America Wasted $160 Million Trying To Get Afghanistan To Use E-Payments (vice.com)
An anonymous reader shares a report: The country might be home to America's longest-running war, but the US has spent more time, energy, and money trying to rebuild Afghanistan than it has spent killing the Taliban. American taxpayers send billions to Kabul every year and every year billions disappear into the pockets of Afghan government officials. Electronic payment systems would go a long way to solving that problem. The US Agency for International Development (USAID) wanted to do just that. The Agency figured if it could convince those at corruption hotspots, such as customs agents and border guards, to use e-payment methods, then it might curb the amount of cash those agents pocketed every day. Between 2009 and 2017, USAID spent $160 million and partnered American tech companies to set up e-pay in Afghanistan, according to a new report from the Special Inspector General for Afghanistan Reconstruction (SIGAR). The goal was to get the border guards trained and using the new methods, with an aim of 75 percent of all customs transactions paid electronically by 2017. As of today, less than one percent of those transactions are electronic, SIGAR reports. And custom officials loathe the system. "It's a very long and inefficient process and that's why people do not use this method," one Afghan custom official told SIGAR agents.

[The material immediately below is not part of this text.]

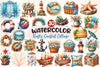 Rustic Coastal Cottage Elements Clipart Bundle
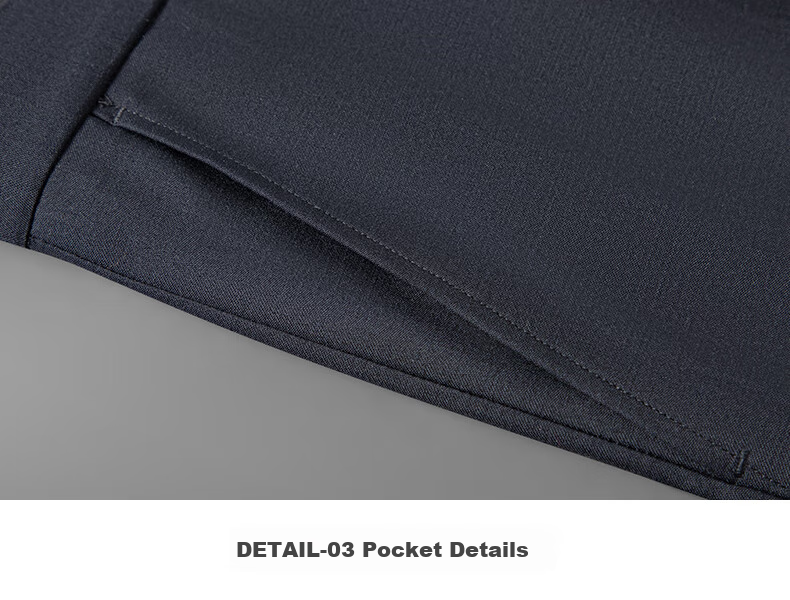 FIRS Men's Wool Dress Pants, Spring And Autumn Style, Wrinkle-Free Straight-Leg Casual Trousers, Professional Formal Pants, Suit Pants, Long Pants for Men's Clothing 22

No doubt the same contracting firms that built healthcare.gov created the payment system.
Why would they act against their own self interest given their situation? In very poor countries where everyone including government officials and police are paid very little, graft is a way of life. It takes a lot more than trying to force an e-payment system to change this type of behavior. There is a reason judges in the United States are paid very well. To make them more immune to bribery. If any given official who's job it is to handle lots of money is not paid well himself, he will tend to skim off the top.
It takes a deep-rooted cultural shift to move away from graft, and the solution is much more complex than simply trying to implement an e-payment system. Also, if, as the quoted official says, it is very arcane and difficult to use (and that is not just an excuse to keep pocking to the loot) that presents even less of an incentive.
A multi-pronged approach has to involve their own government's willingness to truly change the behavior of their officials from the top down, in addition to whatever magic etchnology solution the west is proffering. It is a very difficult thing to do when the culture is deeply embedded in an organization at all levels.